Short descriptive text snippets
################

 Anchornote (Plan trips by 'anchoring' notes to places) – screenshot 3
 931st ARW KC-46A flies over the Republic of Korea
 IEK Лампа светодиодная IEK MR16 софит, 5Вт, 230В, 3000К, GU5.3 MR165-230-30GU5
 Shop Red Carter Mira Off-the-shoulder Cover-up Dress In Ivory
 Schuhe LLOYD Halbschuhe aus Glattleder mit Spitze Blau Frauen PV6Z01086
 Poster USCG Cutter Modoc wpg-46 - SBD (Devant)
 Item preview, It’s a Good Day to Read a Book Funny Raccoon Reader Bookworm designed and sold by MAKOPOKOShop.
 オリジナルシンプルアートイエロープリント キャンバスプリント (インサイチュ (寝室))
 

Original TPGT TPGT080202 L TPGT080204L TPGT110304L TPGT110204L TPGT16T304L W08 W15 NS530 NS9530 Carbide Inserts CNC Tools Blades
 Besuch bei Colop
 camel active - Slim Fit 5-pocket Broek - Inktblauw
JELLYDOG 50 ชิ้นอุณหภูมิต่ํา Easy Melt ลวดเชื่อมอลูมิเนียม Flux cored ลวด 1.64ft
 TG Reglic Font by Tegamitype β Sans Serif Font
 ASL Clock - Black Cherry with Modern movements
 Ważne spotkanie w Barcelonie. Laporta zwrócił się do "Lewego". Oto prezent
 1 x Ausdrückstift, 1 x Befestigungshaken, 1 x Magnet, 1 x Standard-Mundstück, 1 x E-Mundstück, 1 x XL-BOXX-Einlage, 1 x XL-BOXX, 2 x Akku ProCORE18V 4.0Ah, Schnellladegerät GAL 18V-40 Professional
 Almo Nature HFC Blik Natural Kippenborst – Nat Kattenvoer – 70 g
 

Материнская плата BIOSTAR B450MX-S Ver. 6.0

################

_What you need to do:_
A faithful copy of the lines from the line containing "Besuch bei Colop" to the end of the data should be set down, both ends included, and nothing more.

_Response area:_
 Besuch bei Colop
 camel active - Slim Fit 5-pocket Broek - Inktblauw
JELLYDOG 50 ชิ้นอุณหภูมิต่ํา Easy Melt ลวดเชื่อมอลูมิเนียม Flux cored ลวด 1.64ft
 TG Reglic Font by Tegamitype β Sans Serif Font
 ASL Clock - Black Cherry with Modern movements
 Ważne spotkanie w Barcelonie. Laporta zwrócił się do "Lewego". Oto prezent
 1 x Ausdrückstift, 1 x Befestigungshaken, 1 x Magnet, 1 x Standard-Mundstück, 1 x E-Mundstück, 1 x XL-BOXX-Einlage, 1 x XL-BOXX, 2 x Akku ProCORE18V 4.0Ah, Schnellladegerät GAL 18V-40 Professional
 Almo Nature HFC Blik Natural Kippenborst – Nat Kattenvoer – 70 g
 

Материнская плата BIOSTAR B450MX-S Ver. 6.0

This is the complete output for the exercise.